All lines at and after the one containing "Used Honda Gienia", up to the end of the listing below, are to be printed exactly, with the pictures omitted.

• DATASET EXTRACT
[Start of section]

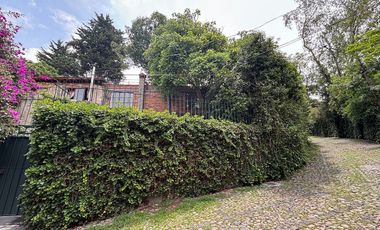 LOMAS DE SANTA FE, CASA CON SEGURIDAD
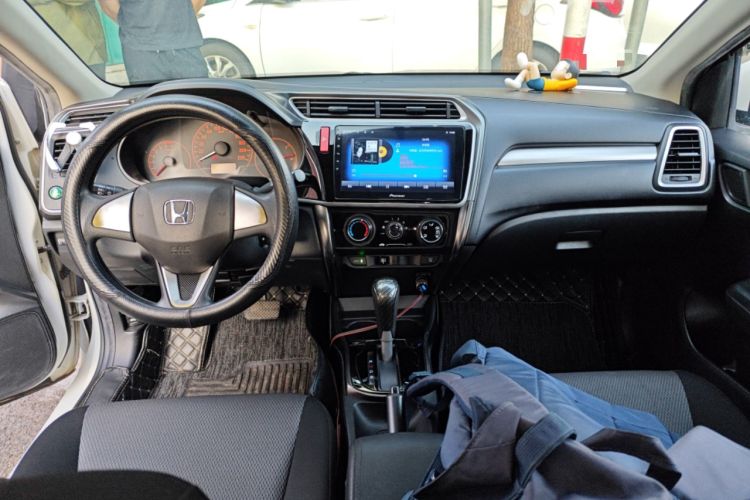 Used Honda Gienia 2017 1.5L CVT Classic Edition Center Console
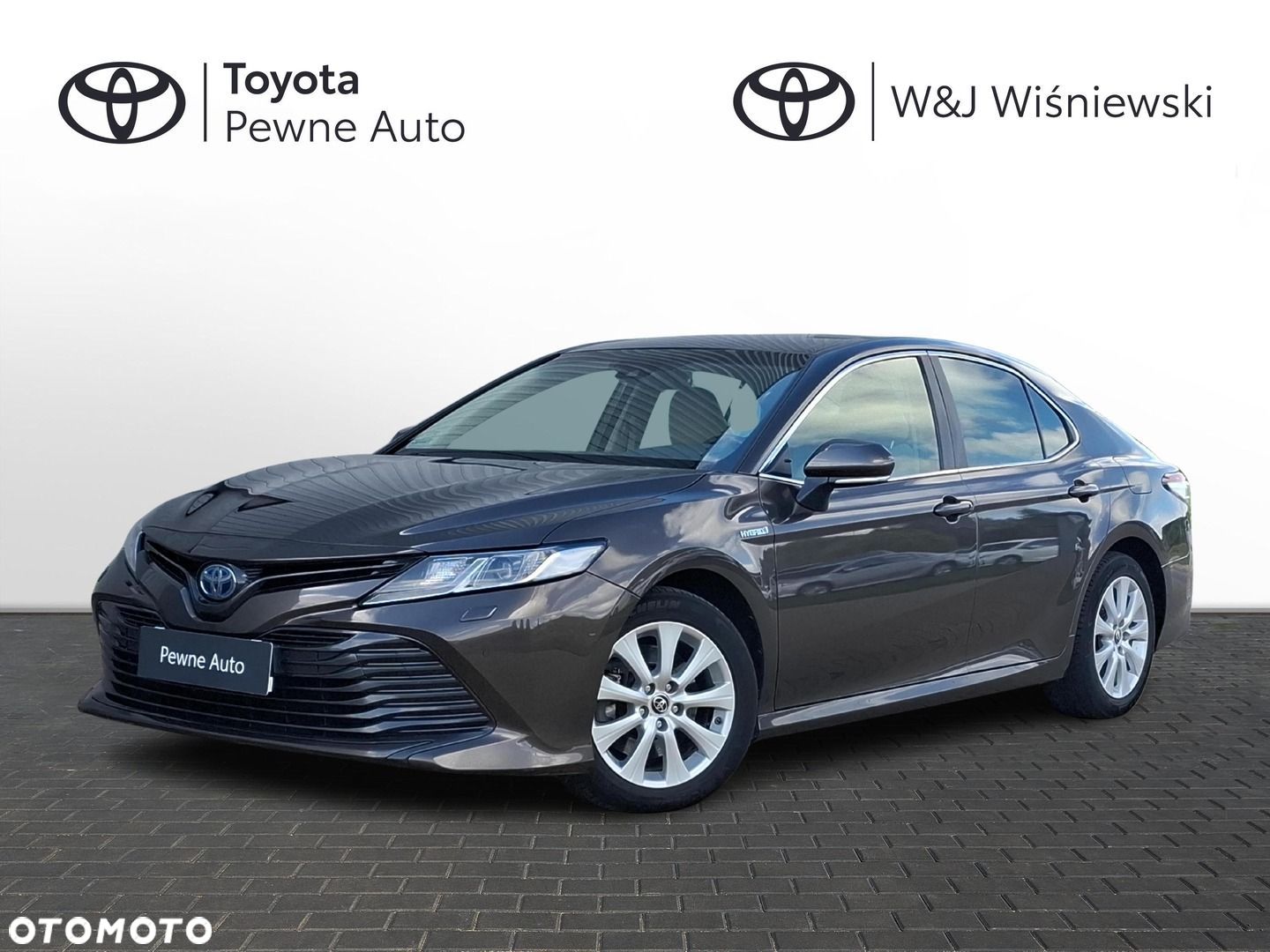 Toyota Camry 2.5 Hybrid Comfort CVT - 1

[End of section]

• RESPONSE
 Used Honda Gienia 2017 1.5L CVT Classic Edition Center Console
 Toyota Camry 2.5 Hybrid Comfort CVT - 1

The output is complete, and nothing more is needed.